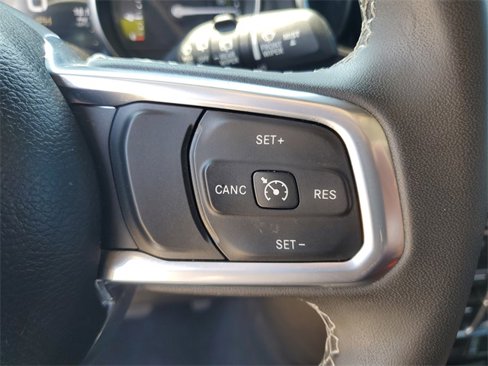 Used 2023 Jeep Wrangler Unlimited Sahara image 17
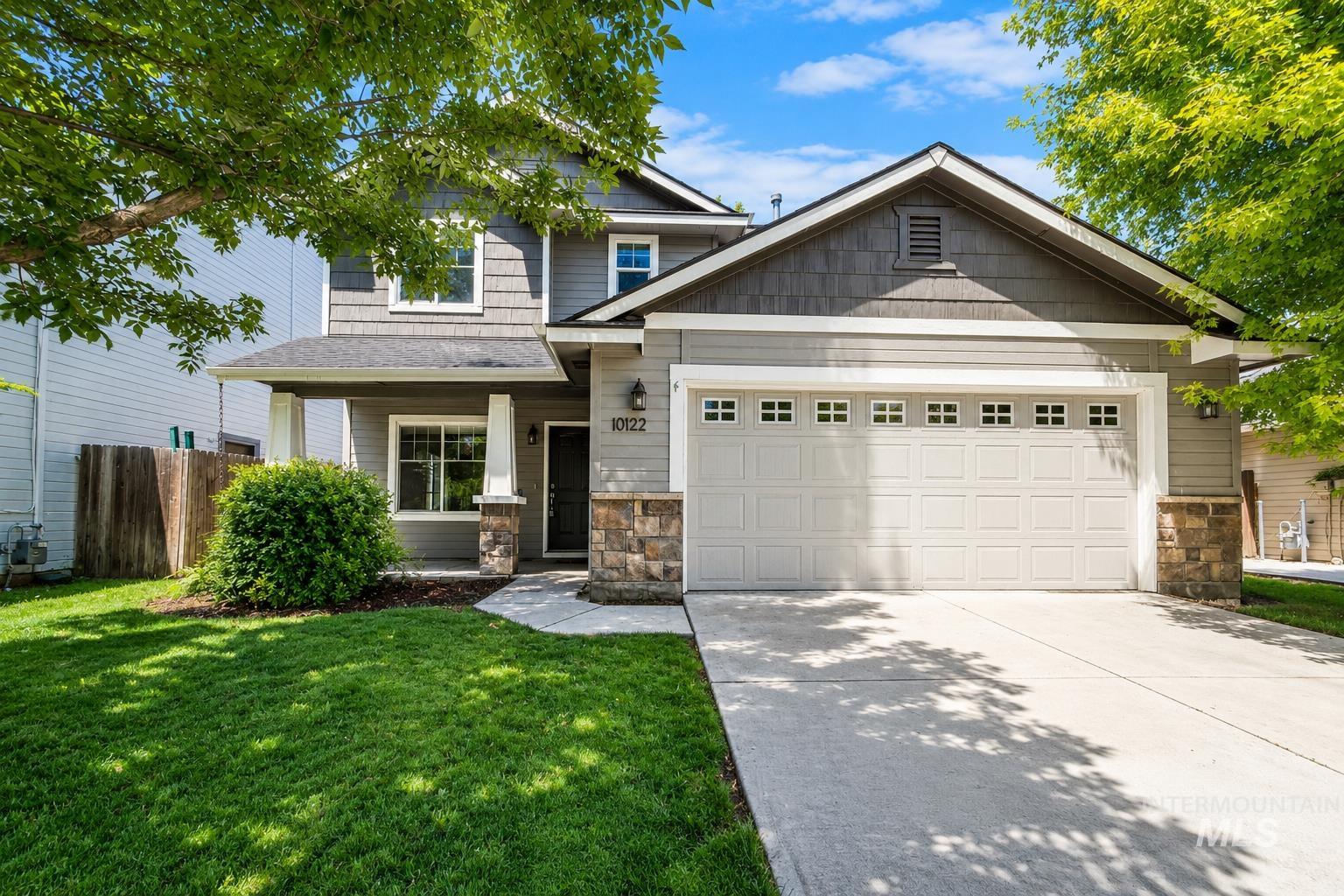 10122 W Shelborne Drive, Boise, Idaho 83709, 4 Bedrooms, 2.5 Bathrooms, Residential For Sale, Price $489,000,MLS 98990752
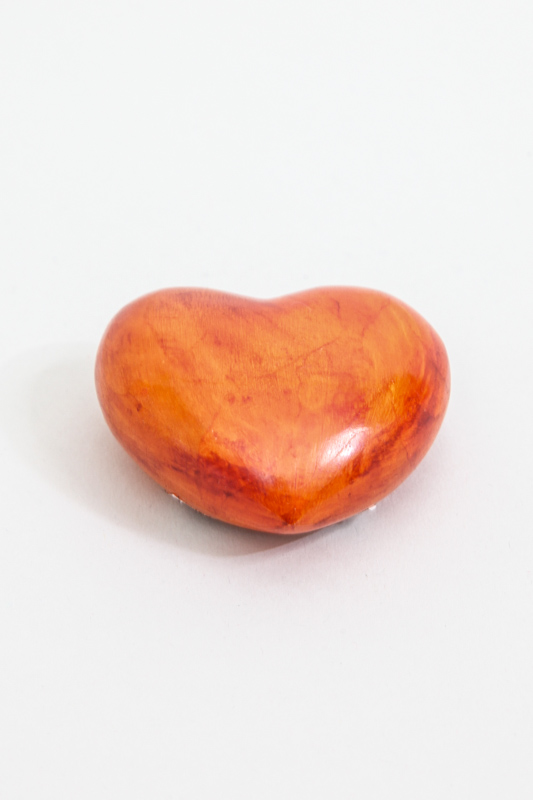 Alabaster Herz Chakrafarben assortiert 5 cm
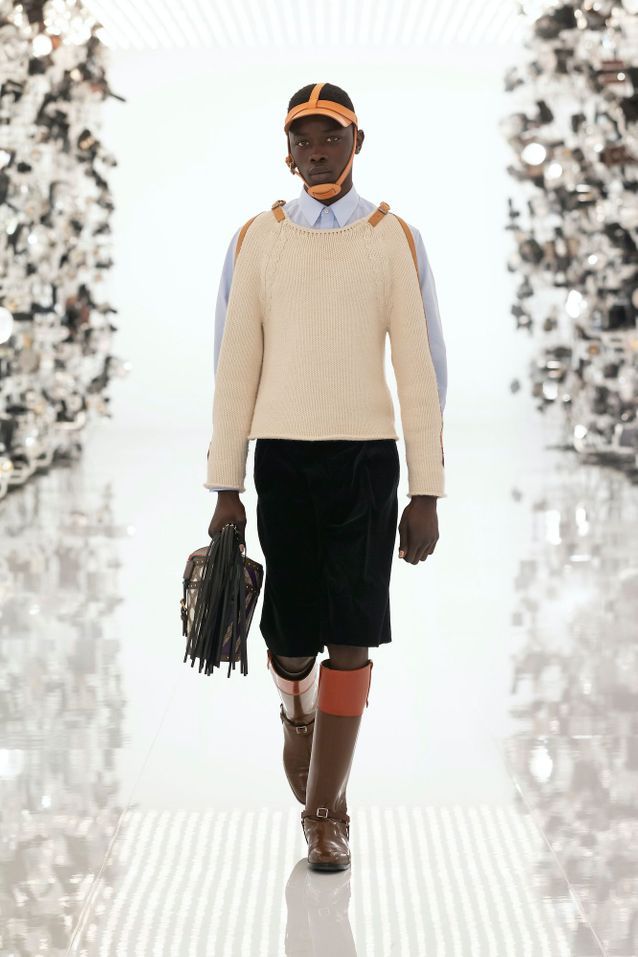 Cet accessoire d’équitation devient une pièce de mode tendance Bombe d equitation Gucci bermuda et pull a sangles - Cet accessoire d’équitation devient une pièce de mode tendance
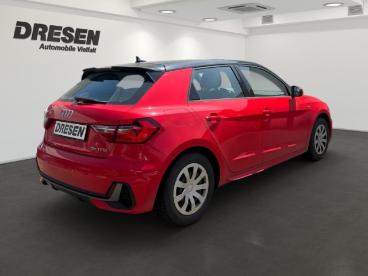 SPOTICAR Audi A1 S Line Sportback Automat Sportpaket Digitales Cock Gebraucht - Kleinwagen Benzin Rot - Mönchengladbach - 1201314587_4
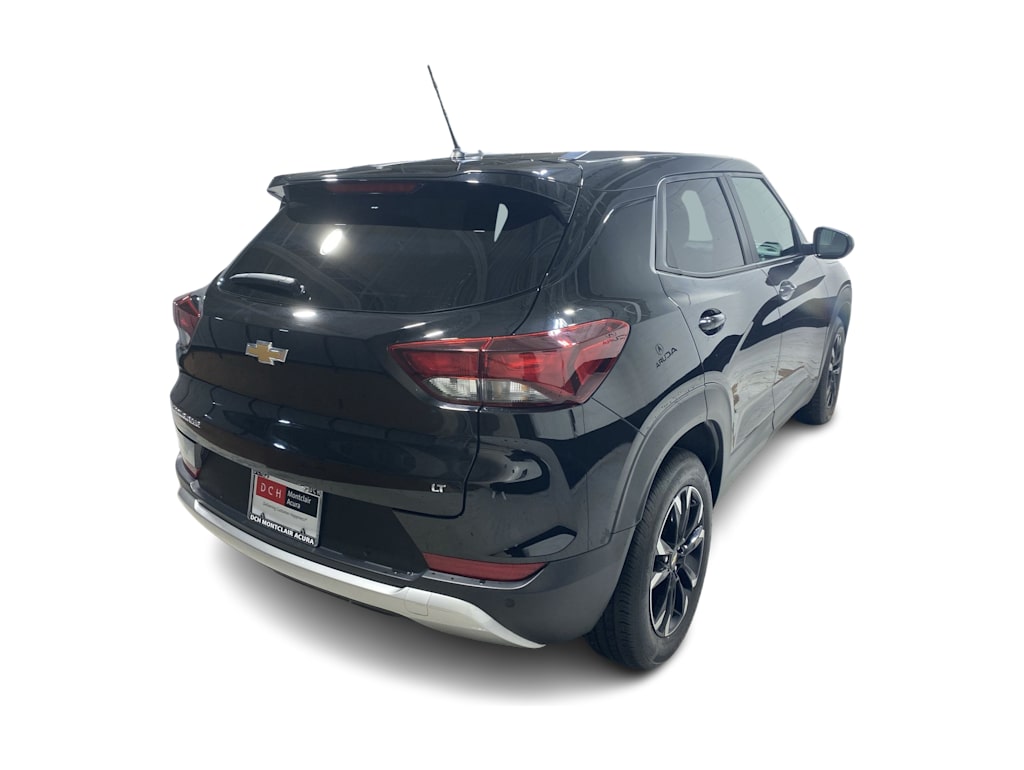 Thumbnail: 2023 Chevrolet TrailBlazer - 26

* * * * * * *

WHAT THE TASK REQUIRES: Repeat every entry exactly, but leave out the pictures.

RESULT OF THIS EXERCISE:
 Used 2023 Jeep Wrangler Unlimited Sahara image 17
 10122 W Shelborne Drive, Boise, Idaho 83709, 4 Bedrooms, 2.5 Bathrooms, Residential For Sale, Price $489,000,MLS 98990752
 Alabaster Herz Chakrafarben assortiert 5 cm
 Cet accessoire d’équitation devient une pièce de mode tendance Bombe d equitation Gucci bermuda et pull a sangles - Cet accessoire d’équitation devient une pièce de mode tendance
 SPOTICAR Audi A1 S Line Sportback Automat Sportpaket Digitales Cock Gebraucht - Kleinwagen Benzin Rot - Mönchengladbach - 1201314587_4
 Thumbnail: 2023 Chevrolet TrailBlazer - 26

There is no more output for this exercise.